We have a lot of tasks run to a bewildering schedule across multiple servers. We use cron, of course. But maintaining the schedule is painful. Very painful.
We’ve tried committing copies of the crontab to a repository, but they’re almost never up-to-date.
And worse, if I need to do something even moderately complex like, say, schedule a job to run every two weeks, cron starts to get complicated.
But things just got better.
Laravel 5 allows us to easily manage our scheduling from within our application. Let’s take a look at the bi-weekly scheduling referred to in this post’s title.

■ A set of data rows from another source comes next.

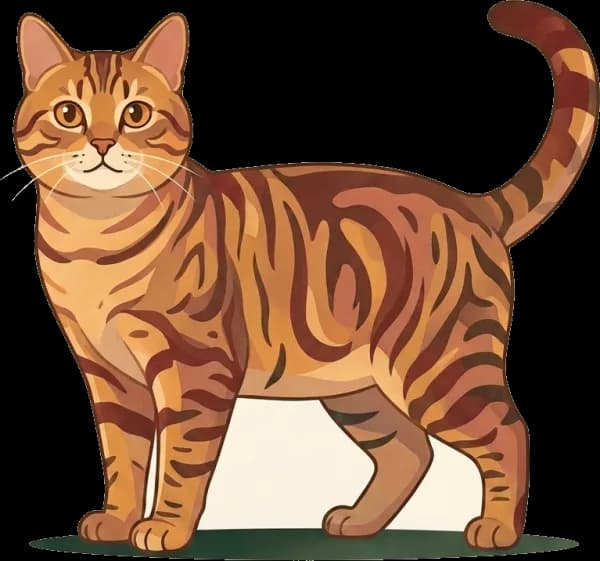 Illustration: Katzenfutter für Toyger: Muskelaufbau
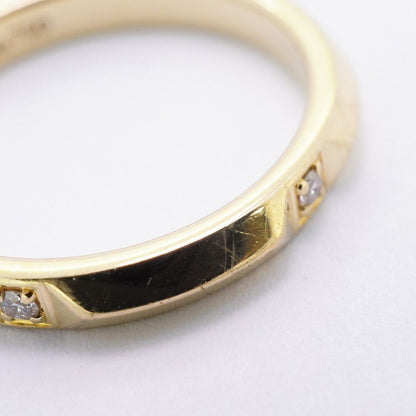 Tiffany & Co Ring Yellow Gold Diamond — view 7
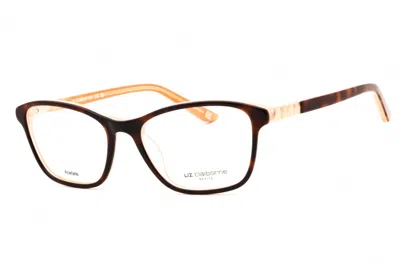 Liz Claiborne L 443 0hmv 00 Havana Peach 50mm In Multi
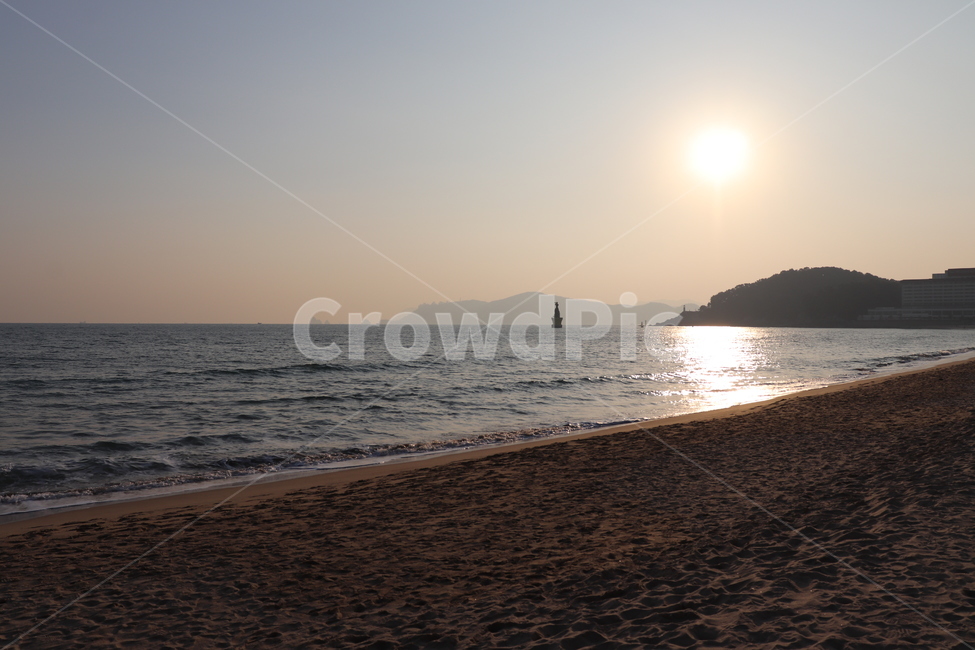 바다,부산,해운대,노을,감성,sea,ocean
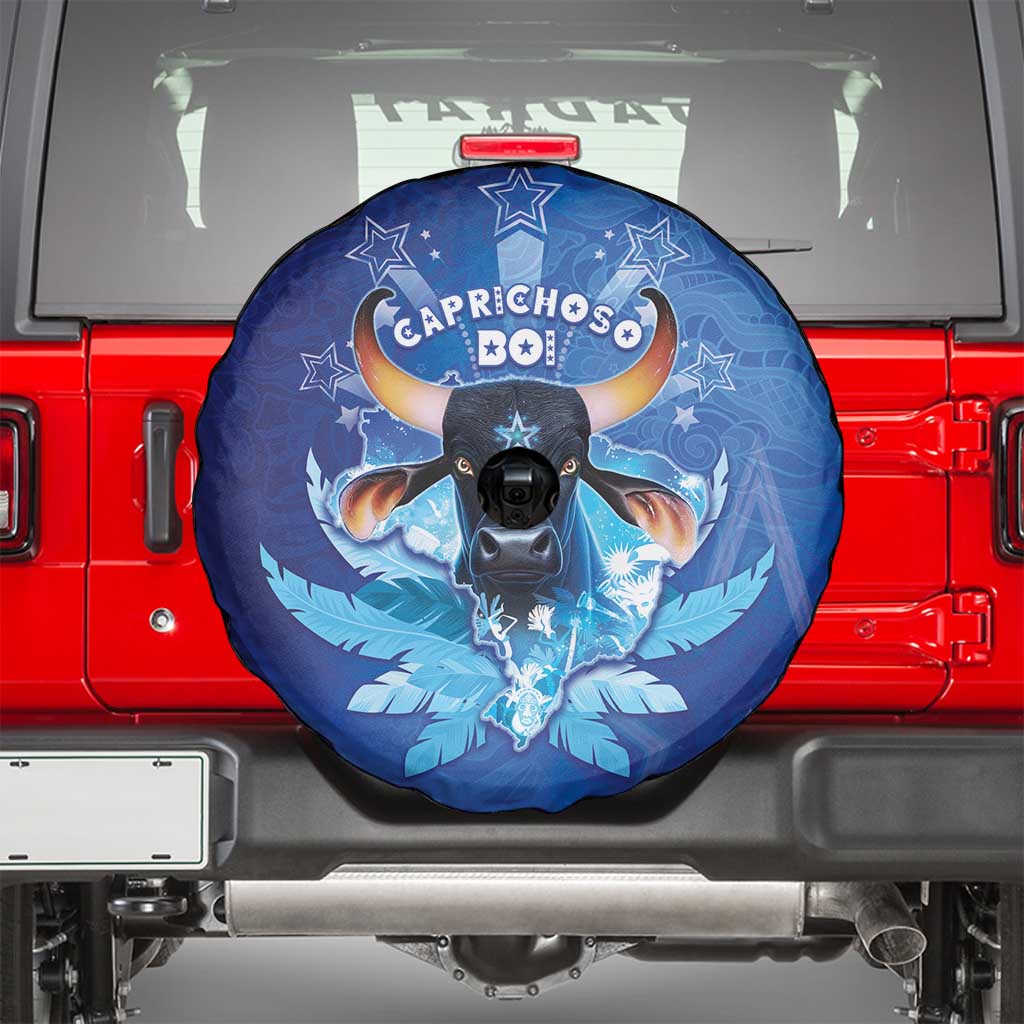 Boi Caprichoso Spare Tire Cover Brazil Folklore Festival - Wonder Print Shop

Sure, we could do this with cron. It would something like this:
0 1 * * Sat expr `date +\%s` / 604800 \% 2 >/dev/null || /path/to/script.sh
Source: Stackoverflow
This divides the number of seconds since the Linux epoch by the number in a week to determine whether it’s an odd or an even week. But it’s ugly and needs close reading to figure out.
The Laravel version is easier to understand, and a whole heap more elegant:
$schedule->command('foo')->weeklyOn(5, '00:01')->when(function() {
return (time() / 604800 % 2);
});
We can use Laravel’s fluent interface to set the time and day for execution and a closure to restrict it to alternate weeks and then commit the result into our git repository.